La notion de syncrétisme culturel de la marque : le cas de Harley-Davidson
Rosemarie VIEDMA
Doctorante
IAE Université Toulouse I Capitole
CRM Equipe Marketing
06 62 37 89 65
rosemarie.viedma@hotmail.fr La notion de syncrétisme culturel de la marque : le cas de Harley-Davidson
Résumé
Cette recherche introduit la notion de syncrétisme culturel de la marque. Une étude ethnographique sur le cas Harley-Davidson a été menée pendant dix mois. Les résultats d’analyse montrent que le chevauchement des cultures des communautés de marque est à l’origine du processus de construction culturelle. La proximité et les rencontres forment le syncrétisme culturel de la marque. Les cultures en contact sont ressenties comme dominantes ou dominées et de ce fait engendrent des phénomènes de résistances à l’emprunt culturel et à l’emprunteur. Deux types d’individus clés émergent : leaders et marginaux qui vont jouer un rôle d’agents acculturateurs. Le produit reste un élément central du syncrétisme culturel de la marque. Mots clés : syncrétisme culturel de la marque, communauté de marque, acculturation, agents acculturateurs, brand management, méthode ethnographique
Abstract:
This research introduces the concept of cultural syncretism of the brand.
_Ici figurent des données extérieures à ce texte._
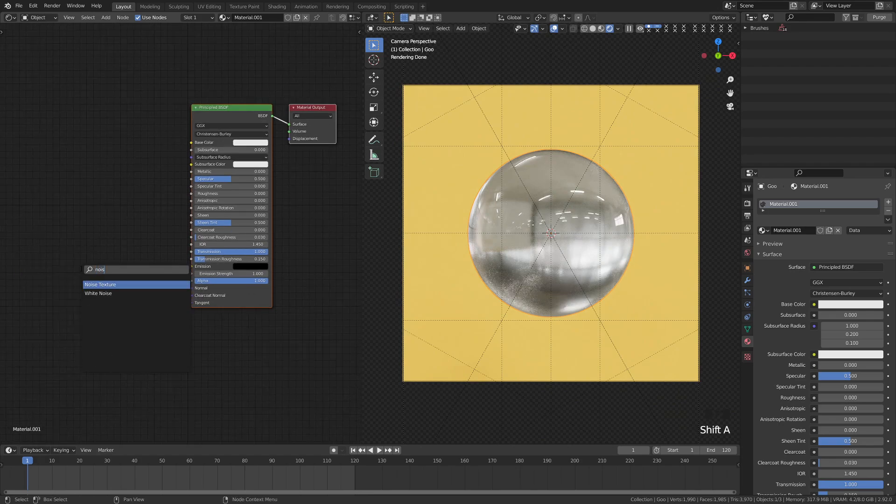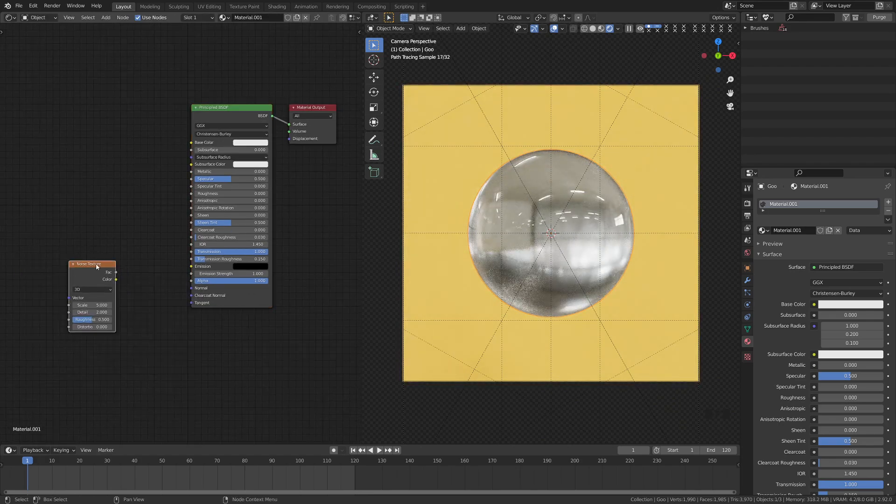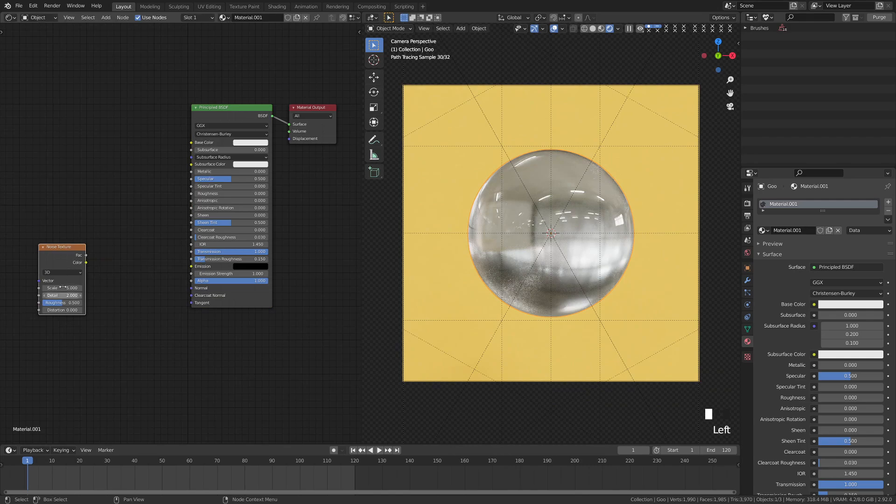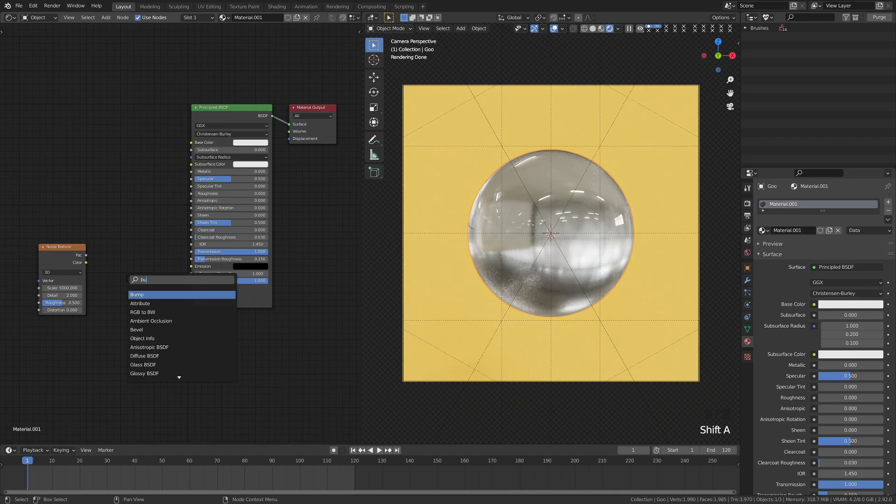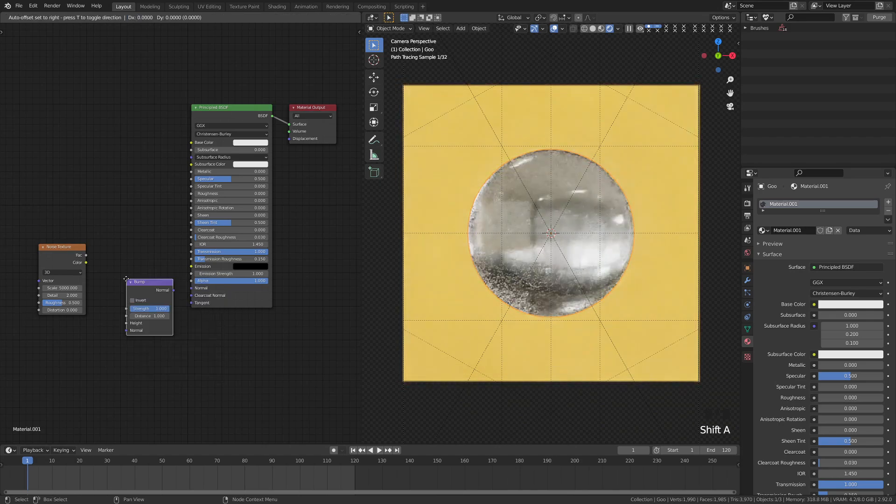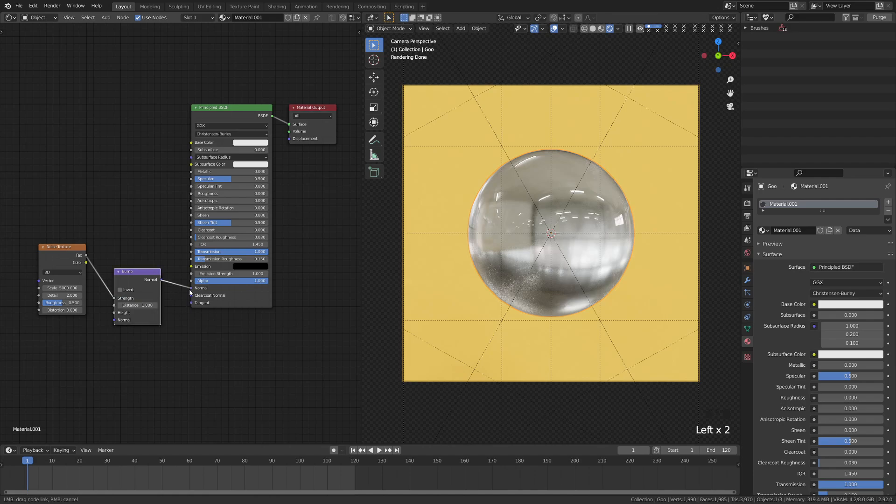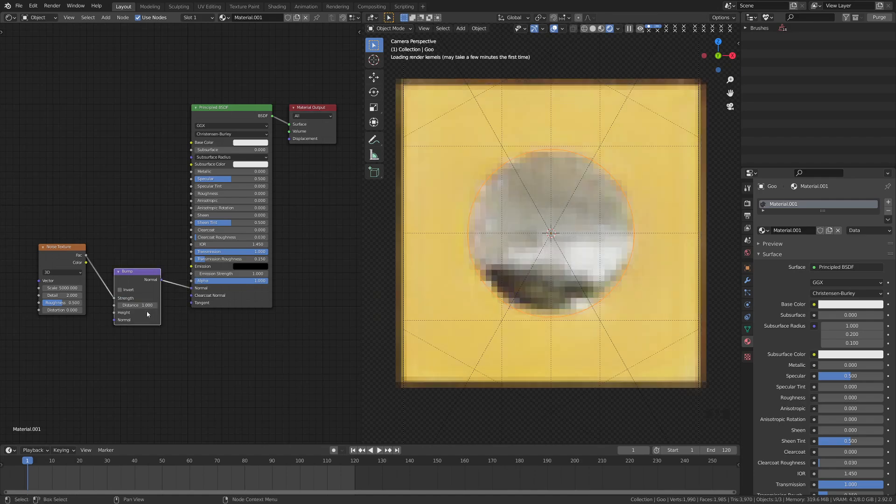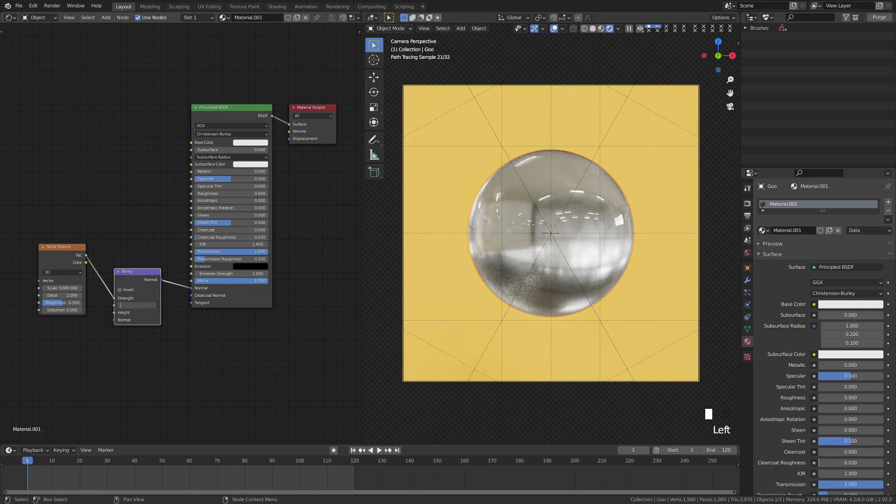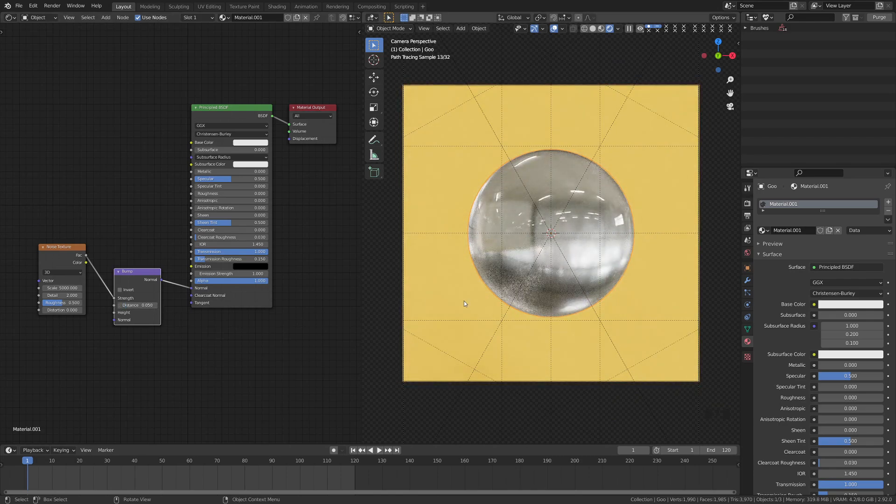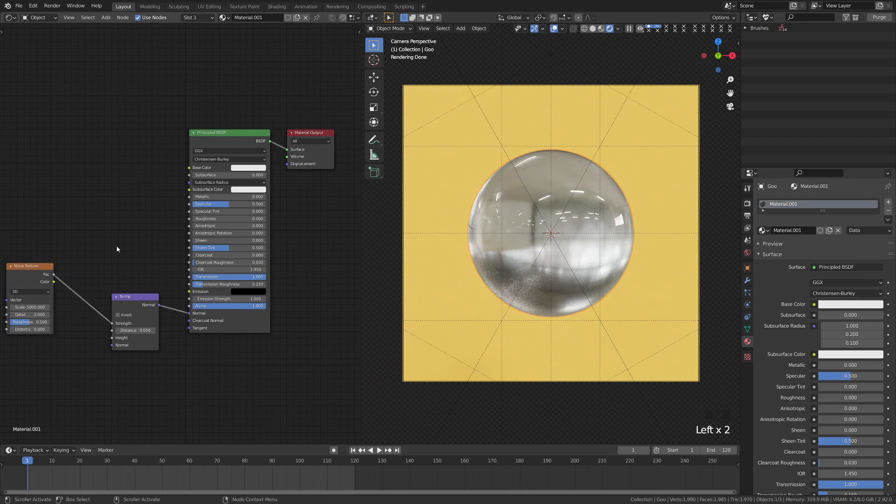Then I'm going to add a noise texture here. I'm going to crank the scale up to something really high, like 5,000. Then I'm going to add a bump node here. And I'm just doing this to give us a little bit extra texture, and it'll make those air bubbles pop a little bit more. So we're going to move this here into the normal, hit 0.05, give that a really tiny kind of bump to give us a little bit of texture there.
An ethnographic study of the Harley-Davidson case was conducted for ten months. The analysis results show that the overlapping cultures of brand communities is at the root of the process of cultural construction. Proximity and meetings form the cultural syncretism of the brand. The cultures in contact are perceived as dominant or dominated and thus generate phenomena of resistance to cultural borrowing and the borrower. Two types of key individuals emerge: leaders and marginal individuals who will play a role as acculturation agents. The product remains a main element of the cultural syncretism of the brand. Key words: cultural syncretism of the brand, brand community, acculturation, acculturation agents, brand management, ethnographic method INTRODUCTION
Contrôler sa culture de marque contre les « prises d’otages » par des communautés, voilà ce que Lacoste aurait aimé pouvoir faire il y a quelques années ou que le Champagne Roederer a dû gérer il y a quelques mois. Ce problème récurrent de pillage ou de déformation de la culture de marque oblige les responsables marketing à changer de logique et à appréhender différemment les consommateurs et les communautés en considérant leur relation de manière endogène (Cova et Carrère, 2002 ; Hebdige, 1979). Le sens de la marque peut donc échapper à l’entreprise.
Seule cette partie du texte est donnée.